» **DATA SHOWN**:
____

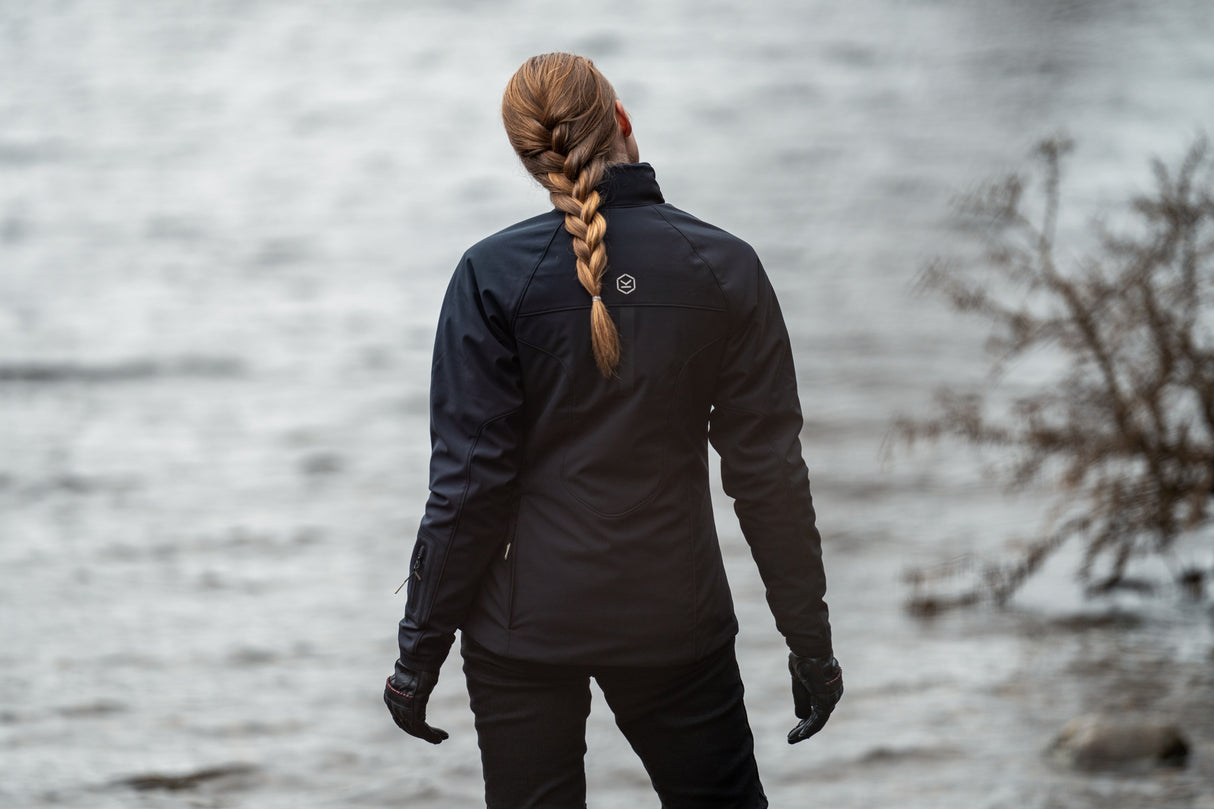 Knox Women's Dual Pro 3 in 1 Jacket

____

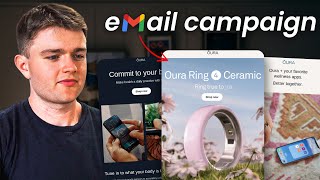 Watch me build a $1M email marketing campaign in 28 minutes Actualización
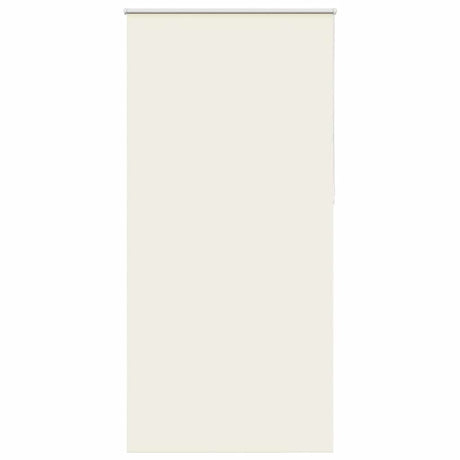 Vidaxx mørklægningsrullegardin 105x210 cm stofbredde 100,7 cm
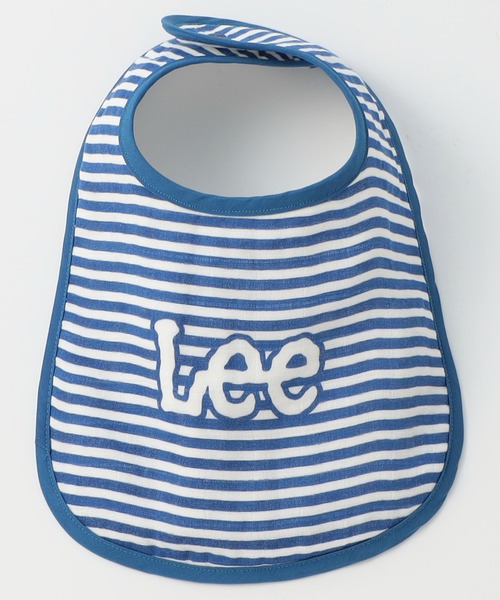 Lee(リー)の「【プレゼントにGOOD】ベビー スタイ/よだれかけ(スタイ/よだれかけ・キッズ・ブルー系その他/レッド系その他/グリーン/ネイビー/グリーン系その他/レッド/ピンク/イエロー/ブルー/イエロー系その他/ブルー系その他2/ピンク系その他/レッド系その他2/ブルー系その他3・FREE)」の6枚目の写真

____

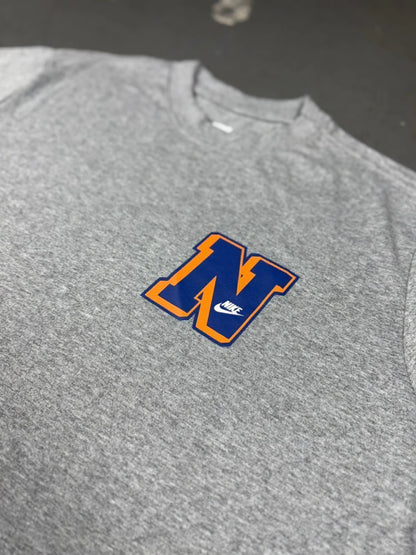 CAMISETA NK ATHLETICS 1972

____

» **WORK INSTRUCTIONS**: Using the entries above, reproduce word for word only the lines from the one that contains "Watch me build" to the one that contains "Lee(リー)の「【プレゼン", both ends included, and drop every picture.

» **EXERCISE OUTPUT**:
 Watch me build a $1M email marketing campaign in 28 minutes Actualización
 Vidaxx mørklægningsrullegardin 105x210 cm stofbredde 100,7 cm
 Lee(リー)の「【プレゼントにGOOD】ベビー スタイ/よだれかけ(スタイ/よだれかけ・キッズ・ブルー系その他/レッド系その他/グリーン/ネイビー/グリーン系その他/レッド/ピンク/イエロー/ブルー/イエロー系その他/ブルー系その他2/ピンク系その他/レッド系その他2/ブルー系その他3・FREE)」の6枚目の写真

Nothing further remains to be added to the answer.